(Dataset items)
::::::::::

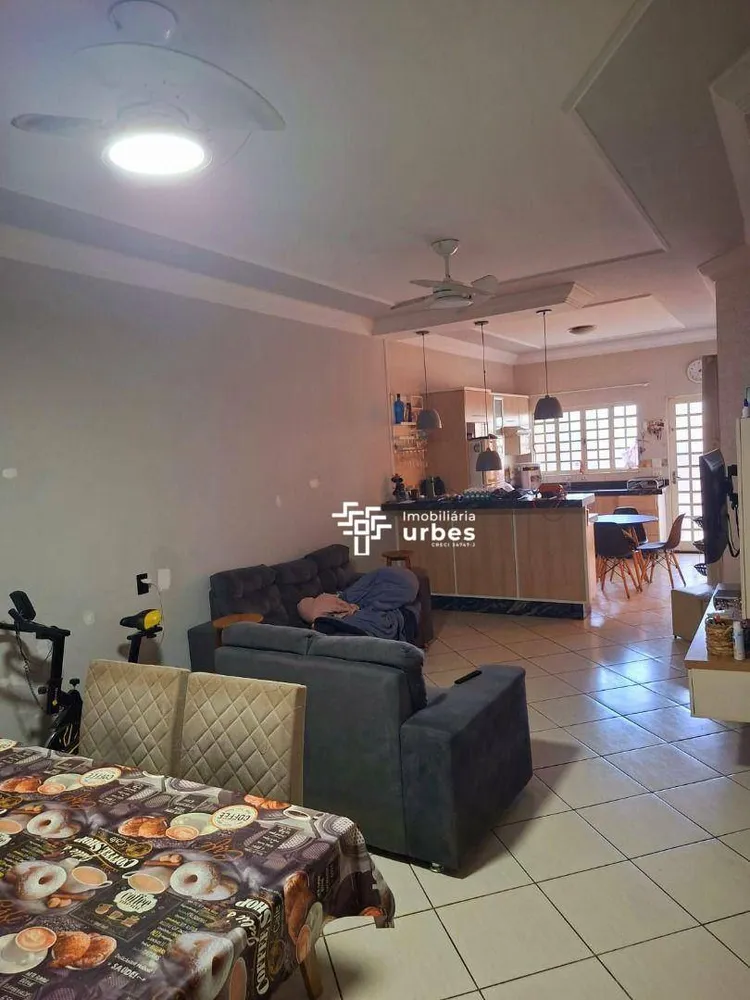 Casa, 3 quartos, 119 m² - Foto 3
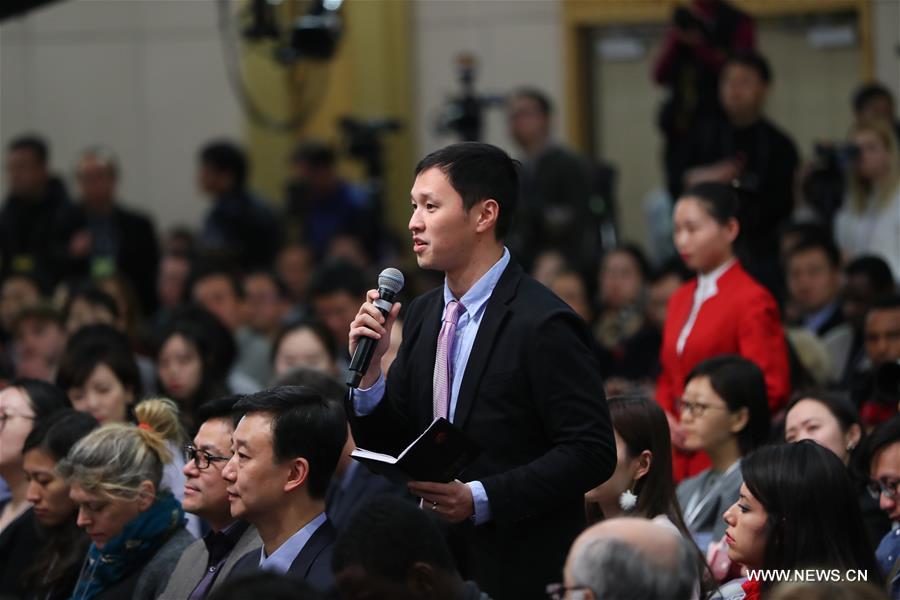 （两会·XHDW）（9）外交部部长王毅就“中国的外交政策和对外关系”答记者问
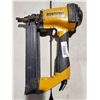 Image 1 : Bostitch Air Nailer
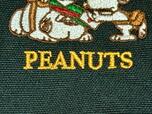「PEANUTS」のロゴ刺繍も!
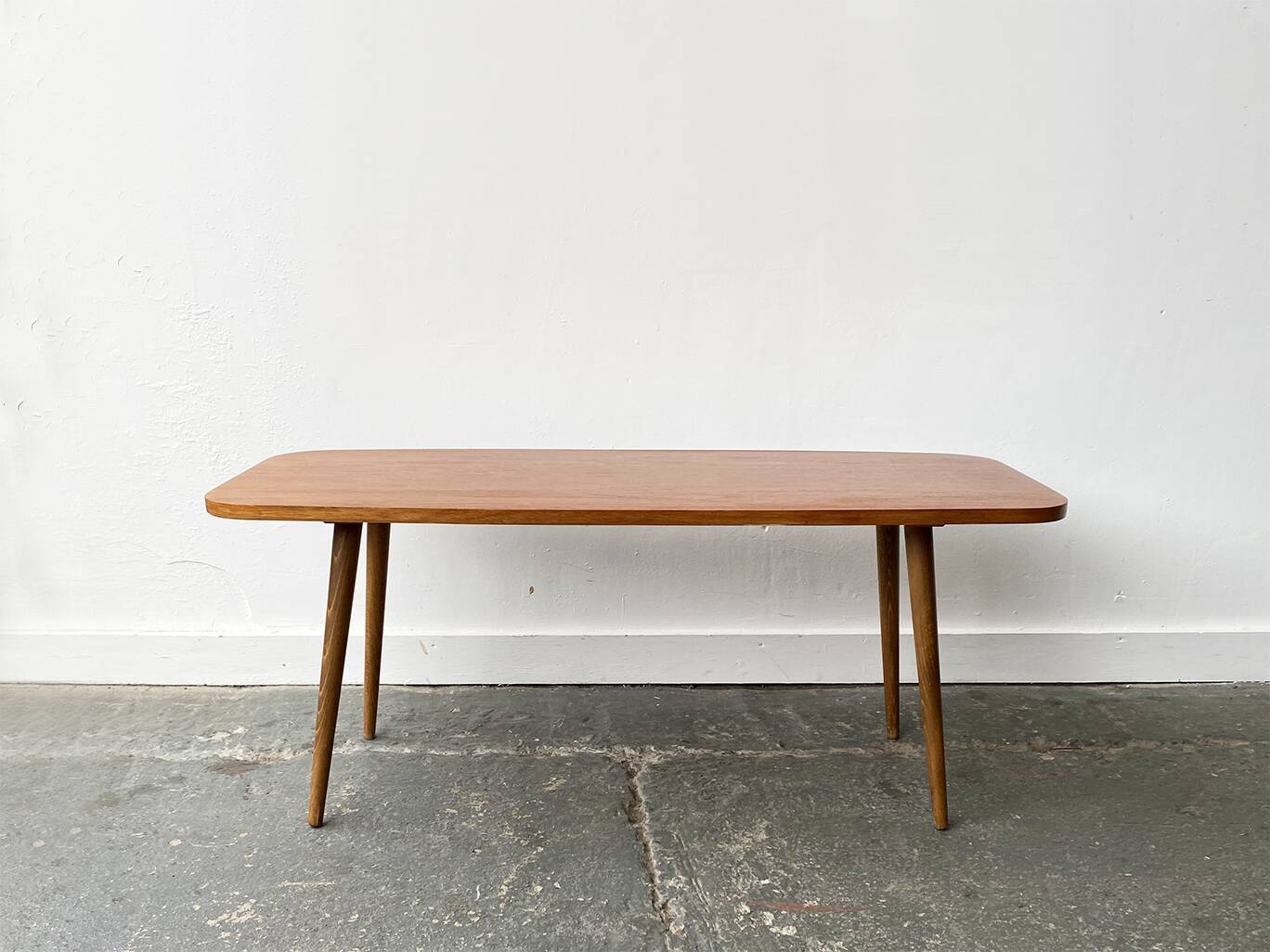 Table basse du milieu du siècle des années 1960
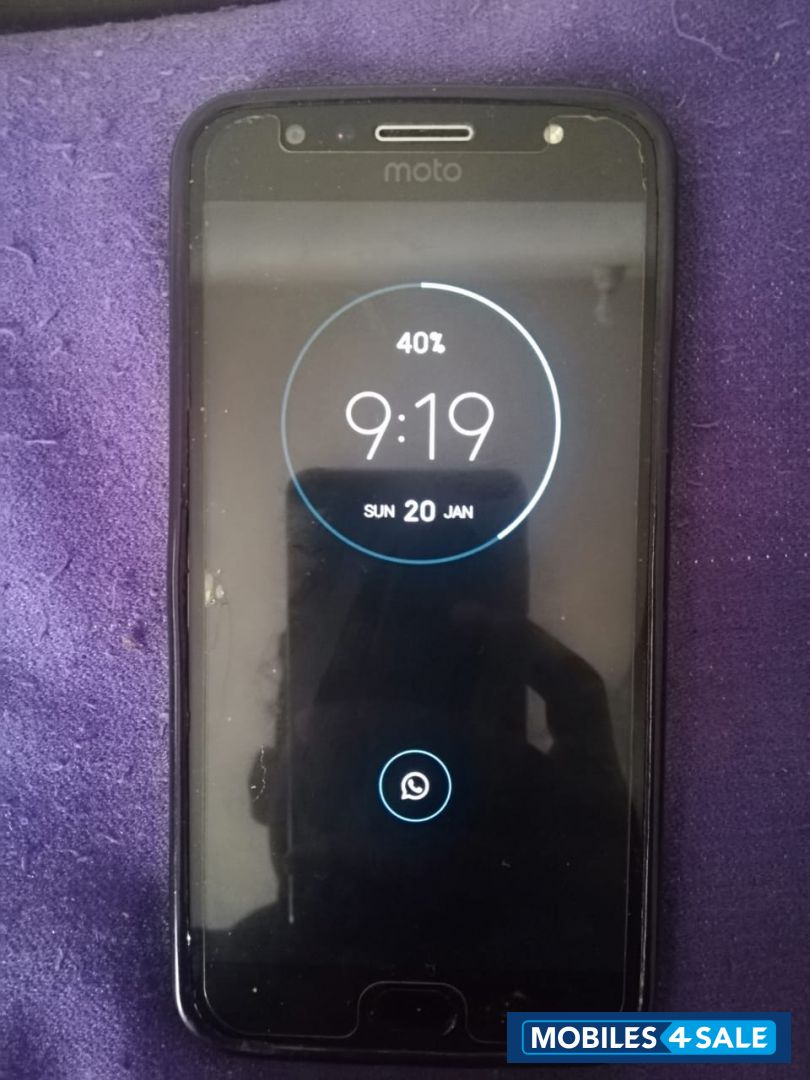 Grey Motorola  Moto G5S plus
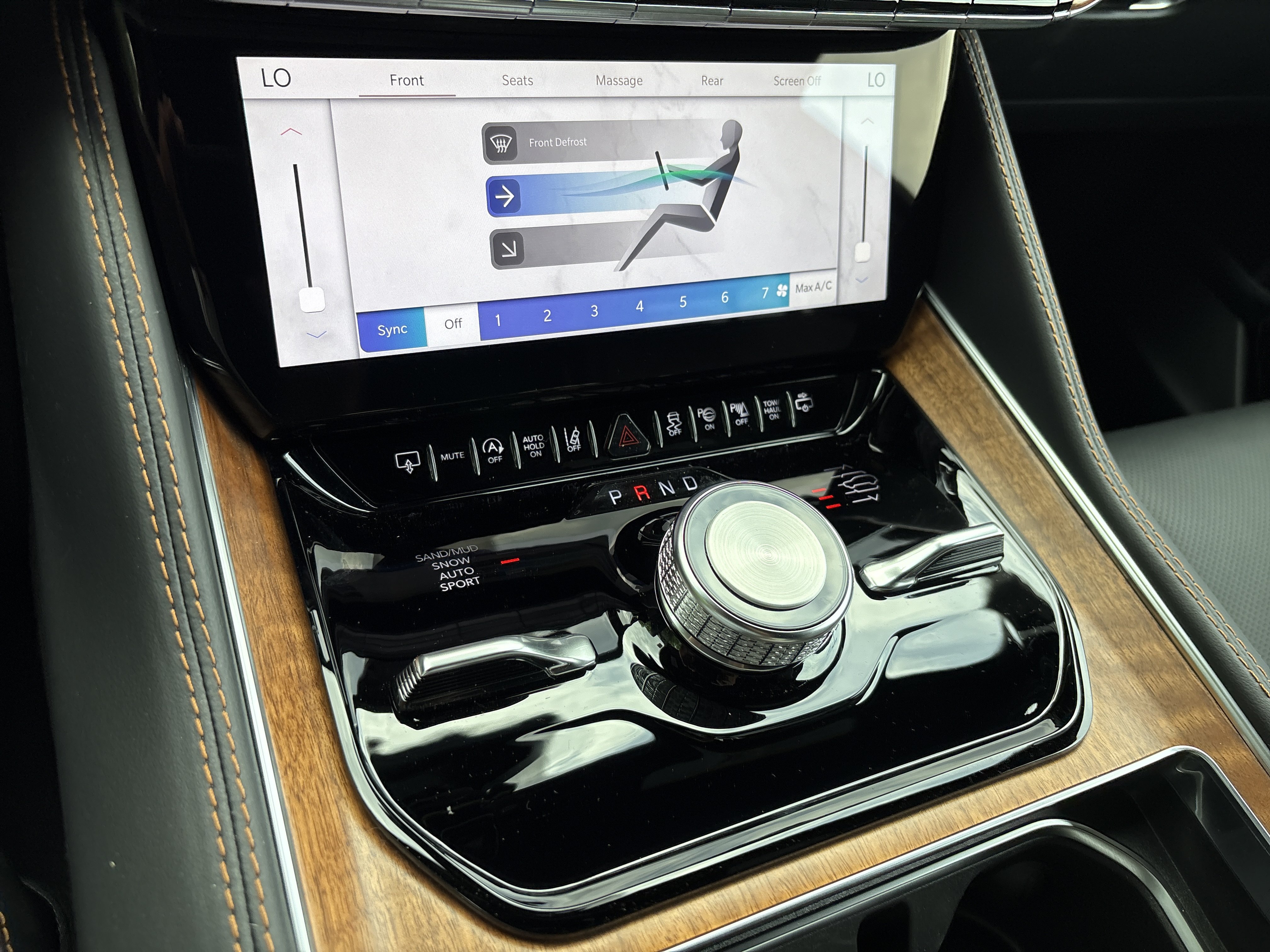 New 2026 Jeep Grand Wagoneer L Summit AWD/4WD image 29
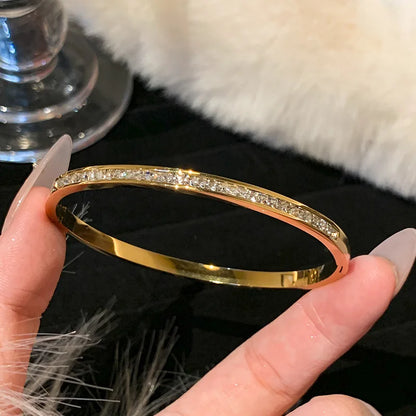 Women's Fashion Stainless Steel Waterproof Luxury Bracelet – Stylish Jewelry for Date, Party, and Festival Gifts - S090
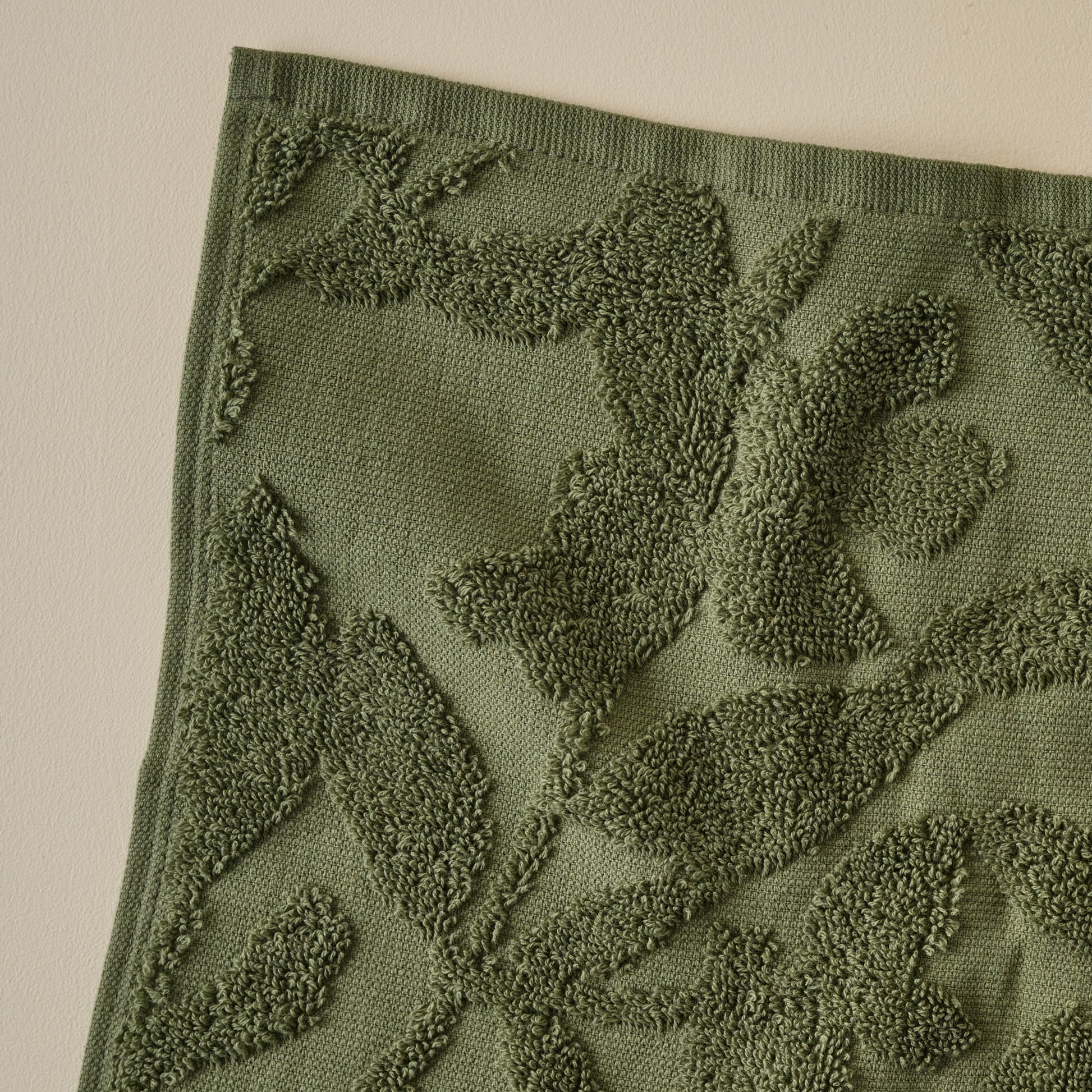 Winter Moss Floral Jacquard Towel corner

::::::::::

> [EXERCISE GOAL]:
From the line containing "Image 1 : Bostitch Air Nailer" to the last line of the records above, return each line exactly, both ends included, and nothing more. Leave out the pictures.

> [EXERCISE RESULT]:
 Image 1 : Bostitch Air Nailer
「PEANUTS」のロゴ刺繍も!
 Table basse du milieu du siècle des années 1960
 Grey Motorola  Moto G5S plus
 New 2026 Jeep Grand Wagoneer L Summit AWD/4WD image 29
 Women's Fashion Stainless Steel Waterproof Luxury Bracelet – Stylish Jewelry for Date, Party, and Festival Gifts - S090
 Winter Moss Floral Jacquard Towel corner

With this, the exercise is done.